### RECORDS SHOWN
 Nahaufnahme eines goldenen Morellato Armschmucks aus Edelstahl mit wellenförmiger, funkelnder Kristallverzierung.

---

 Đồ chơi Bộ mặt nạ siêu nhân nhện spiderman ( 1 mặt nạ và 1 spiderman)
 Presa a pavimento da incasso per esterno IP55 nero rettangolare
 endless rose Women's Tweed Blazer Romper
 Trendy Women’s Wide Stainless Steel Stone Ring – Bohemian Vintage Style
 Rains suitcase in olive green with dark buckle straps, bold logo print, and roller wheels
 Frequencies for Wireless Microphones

### WORK ITEM
Look above for the line with "Đồ chơi Bộ mặt" and the line with "Frequencies for Wireless Microphones", and reproduce exactly those two lines plus every line between, nothing more.

### RESULT
 Đồ chơi Bộ mặt nạ siêu nhân nhện spiderman ( 1 mặt nạ và 1 spiderman)
 Presa a pavimento da incasso per esterno IP55 nero rettangolare
 endless rose Women's Tweed Blazer Romper
 Trendy Women’s Wide Stainless Steel Stone Ring – Bohemian Vintage Style
 Rains suitcase in olive green with dark buckle straps, bold logo print, and roller wheels
 Frequencies for Wireless Microphones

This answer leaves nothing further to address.